Another problem is that, when working with multichannel audio, each channel has to be interpolated separately. If a harpsichord is being sent on the right channel, and a trumpet on the left, then it would not normally make much sense to try to find values that lie between them. Because the channels are interleaved, this will be somewhat tricky... We will just have to remember that the right-hand known sample will not necessarily be the next sample in the buffer: It will be NUM_CHANNELS samples beyond the left-hand known sample.
Explanation of the Code
As arguments, this function takes the previous frame of audio (used to find the first interpolated sample[s]), the number of interleaved audio channels, the input buffer, the number of samples in the input buffer, an empty buffer where the output is to be written, and the number of samples in the output buffer. previousFrame is the only one of these that is not self-explanitory. This should be an array containing enough space for one frame of audio data. If the you are interpolating the beginning of some audio data, and there is no previous frame, then these frames should probably be equal to 0. If, however you are interpolating a large audio file in small segments, then this function will save the last frame from the previous segment in this array, so that you can just pass it in as-is for the next chunk of data. In other words, the function just uses this argument as storage space that exceeds the life of the function. If the number of channels was not variable, then this could be accomplished with an 'extern' variable or a return value. In any event, the last frame of the un-interpolated data is written into this array on lines 23-34.
The equation given above:
y=(rightSample - leftSample)*x+leftSample
is actually solved on line 20:
output[i*numChannels+j] = (nextValue-prevValue) * distance + prevValue;
All of the other lines are dedicated to figuring out what, exactly, the previous value, next value, and distance actually are.

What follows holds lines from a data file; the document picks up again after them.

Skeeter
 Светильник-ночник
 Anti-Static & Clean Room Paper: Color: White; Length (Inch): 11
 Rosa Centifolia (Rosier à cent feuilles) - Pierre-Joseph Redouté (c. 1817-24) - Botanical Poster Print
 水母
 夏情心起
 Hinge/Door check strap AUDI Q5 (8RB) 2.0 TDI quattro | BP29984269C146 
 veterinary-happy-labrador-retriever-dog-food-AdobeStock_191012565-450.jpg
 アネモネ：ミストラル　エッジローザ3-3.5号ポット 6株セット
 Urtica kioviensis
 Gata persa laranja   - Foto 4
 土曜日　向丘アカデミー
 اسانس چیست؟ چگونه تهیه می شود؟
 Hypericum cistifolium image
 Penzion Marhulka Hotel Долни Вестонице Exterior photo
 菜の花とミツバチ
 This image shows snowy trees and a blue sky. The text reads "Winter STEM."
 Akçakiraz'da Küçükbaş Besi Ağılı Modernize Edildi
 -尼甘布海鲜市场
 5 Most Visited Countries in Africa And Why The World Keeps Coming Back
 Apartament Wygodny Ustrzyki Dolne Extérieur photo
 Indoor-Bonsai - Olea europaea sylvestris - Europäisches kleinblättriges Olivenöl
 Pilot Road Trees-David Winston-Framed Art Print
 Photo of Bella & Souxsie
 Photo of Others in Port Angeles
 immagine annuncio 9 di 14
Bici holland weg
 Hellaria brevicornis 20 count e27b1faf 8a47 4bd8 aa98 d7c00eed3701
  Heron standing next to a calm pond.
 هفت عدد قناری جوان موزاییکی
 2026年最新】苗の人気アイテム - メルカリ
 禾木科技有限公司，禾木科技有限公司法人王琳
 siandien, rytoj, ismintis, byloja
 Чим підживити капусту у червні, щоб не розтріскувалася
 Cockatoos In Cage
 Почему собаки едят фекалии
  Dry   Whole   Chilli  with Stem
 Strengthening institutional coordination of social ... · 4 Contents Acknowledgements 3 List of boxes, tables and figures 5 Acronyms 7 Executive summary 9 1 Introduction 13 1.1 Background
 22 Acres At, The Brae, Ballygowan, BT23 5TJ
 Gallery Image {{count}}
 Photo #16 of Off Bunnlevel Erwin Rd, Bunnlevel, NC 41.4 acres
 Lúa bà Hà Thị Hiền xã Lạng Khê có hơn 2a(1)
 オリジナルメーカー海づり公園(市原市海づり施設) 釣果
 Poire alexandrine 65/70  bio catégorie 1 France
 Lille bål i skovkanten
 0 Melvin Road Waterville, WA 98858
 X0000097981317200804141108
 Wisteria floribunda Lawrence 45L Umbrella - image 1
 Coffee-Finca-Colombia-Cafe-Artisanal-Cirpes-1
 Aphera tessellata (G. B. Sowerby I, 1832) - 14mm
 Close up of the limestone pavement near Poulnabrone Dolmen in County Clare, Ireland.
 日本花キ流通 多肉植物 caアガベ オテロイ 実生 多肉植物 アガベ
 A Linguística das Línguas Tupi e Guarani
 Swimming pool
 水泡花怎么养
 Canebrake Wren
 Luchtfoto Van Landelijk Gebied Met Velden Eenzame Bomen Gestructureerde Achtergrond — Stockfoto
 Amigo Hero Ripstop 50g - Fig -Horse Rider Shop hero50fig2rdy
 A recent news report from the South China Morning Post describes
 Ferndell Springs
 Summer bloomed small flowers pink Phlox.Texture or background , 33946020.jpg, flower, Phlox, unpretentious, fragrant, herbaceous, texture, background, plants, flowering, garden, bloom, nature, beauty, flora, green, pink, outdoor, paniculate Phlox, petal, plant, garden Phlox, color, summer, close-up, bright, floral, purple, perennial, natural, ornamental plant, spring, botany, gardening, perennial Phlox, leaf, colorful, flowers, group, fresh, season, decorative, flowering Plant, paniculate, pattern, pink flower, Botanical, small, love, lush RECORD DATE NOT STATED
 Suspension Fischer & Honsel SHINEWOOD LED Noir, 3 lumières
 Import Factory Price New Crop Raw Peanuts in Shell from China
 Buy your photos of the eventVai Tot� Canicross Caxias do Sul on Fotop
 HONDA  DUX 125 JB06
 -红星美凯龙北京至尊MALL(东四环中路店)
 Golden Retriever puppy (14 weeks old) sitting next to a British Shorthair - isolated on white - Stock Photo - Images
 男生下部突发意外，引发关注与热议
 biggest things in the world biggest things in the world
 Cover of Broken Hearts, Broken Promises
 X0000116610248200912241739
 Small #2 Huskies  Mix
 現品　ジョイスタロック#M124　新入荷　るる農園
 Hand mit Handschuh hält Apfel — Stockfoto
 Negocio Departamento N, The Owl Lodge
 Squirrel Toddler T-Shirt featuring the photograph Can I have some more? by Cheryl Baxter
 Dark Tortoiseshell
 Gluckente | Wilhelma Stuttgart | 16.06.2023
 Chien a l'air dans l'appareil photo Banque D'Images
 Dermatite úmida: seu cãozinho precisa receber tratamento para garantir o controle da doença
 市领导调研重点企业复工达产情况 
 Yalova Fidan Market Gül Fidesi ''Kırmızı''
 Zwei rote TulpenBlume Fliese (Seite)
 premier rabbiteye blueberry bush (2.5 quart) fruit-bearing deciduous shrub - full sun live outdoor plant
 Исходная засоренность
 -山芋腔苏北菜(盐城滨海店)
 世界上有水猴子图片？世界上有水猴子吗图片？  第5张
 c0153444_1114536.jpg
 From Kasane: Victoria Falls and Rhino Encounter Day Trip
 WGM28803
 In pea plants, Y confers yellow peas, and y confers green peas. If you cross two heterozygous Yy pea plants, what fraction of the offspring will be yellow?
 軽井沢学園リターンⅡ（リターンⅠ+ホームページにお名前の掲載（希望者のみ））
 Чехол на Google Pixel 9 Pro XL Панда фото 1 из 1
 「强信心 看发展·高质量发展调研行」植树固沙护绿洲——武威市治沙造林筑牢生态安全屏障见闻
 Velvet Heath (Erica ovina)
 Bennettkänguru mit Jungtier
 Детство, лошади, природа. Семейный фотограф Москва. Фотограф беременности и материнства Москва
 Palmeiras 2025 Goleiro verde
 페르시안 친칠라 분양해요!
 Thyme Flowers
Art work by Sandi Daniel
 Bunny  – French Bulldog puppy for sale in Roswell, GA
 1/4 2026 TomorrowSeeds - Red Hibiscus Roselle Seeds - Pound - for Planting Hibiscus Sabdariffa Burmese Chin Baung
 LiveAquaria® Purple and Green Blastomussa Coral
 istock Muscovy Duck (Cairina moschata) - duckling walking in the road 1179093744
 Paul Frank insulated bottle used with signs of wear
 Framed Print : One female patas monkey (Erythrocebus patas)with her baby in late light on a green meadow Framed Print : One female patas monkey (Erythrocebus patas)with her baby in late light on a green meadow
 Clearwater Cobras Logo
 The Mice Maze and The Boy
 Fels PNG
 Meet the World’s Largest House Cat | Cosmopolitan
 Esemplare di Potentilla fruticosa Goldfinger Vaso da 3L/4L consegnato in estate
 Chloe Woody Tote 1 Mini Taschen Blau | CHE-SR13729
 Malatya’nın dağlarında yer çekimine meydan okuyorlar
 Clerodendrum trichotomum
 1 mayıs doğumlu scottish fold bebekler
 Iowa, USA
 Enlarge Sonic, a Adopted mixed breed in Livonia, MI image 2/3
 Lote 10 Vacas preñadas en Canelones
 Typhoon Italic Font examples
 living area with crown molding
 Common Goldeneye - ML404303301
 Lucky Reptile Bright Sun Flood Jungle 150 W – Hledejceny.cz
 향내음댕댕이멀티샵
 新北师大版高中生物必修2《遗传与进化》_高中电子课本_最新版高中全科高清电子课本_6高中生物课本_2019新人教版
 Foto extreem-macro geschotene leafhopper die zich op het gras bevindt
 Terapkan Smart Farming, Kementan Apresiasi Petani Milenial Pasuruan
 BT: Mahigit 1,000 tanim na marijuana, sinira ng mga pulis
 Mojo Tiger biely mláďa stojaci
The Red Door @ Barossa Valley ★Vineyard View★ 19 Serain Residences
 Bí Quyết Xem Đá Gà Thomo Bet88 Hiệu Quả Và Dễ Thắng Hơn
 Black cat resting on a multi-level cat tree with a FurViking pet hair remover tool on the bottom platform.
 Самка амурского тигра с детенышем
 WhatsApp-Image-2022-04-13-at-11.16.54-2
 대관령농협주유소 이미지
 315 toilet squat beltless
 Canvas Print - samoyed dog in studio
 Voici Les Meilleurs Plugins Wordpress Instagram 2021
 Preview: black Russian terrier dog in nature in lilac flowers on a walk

For every sample in the output buffer, line 15 tries to find the analogous location in the input buffer, which may lie between samples. Line 16 uses the result of line 15 to get the actual index of the correct sample out of the next frame of the input buffer. Line 17 prepares the value at the index that was found in line 17 to be used as the right hand sample of the line-segment that is being calculated. Line 18 finds the value of the left-hand sample: it takes the sample on frame previous to the right-hand sample, unless the right hand sample was the beginning of the input buffer, in which case it takes the correct sample from the previous frame. Line 15 finds how far between the known samples is the interpolated sample, by removing the integer portion of the total distance into the input buffer. For example, if the current frame of the output buffer is analogous to the point 435.8 frames from the beginning of the input buffer, then the interpolated sample lies at 0.8 on the x axis, (where the previous frame is at 0 and the next frame is at 1).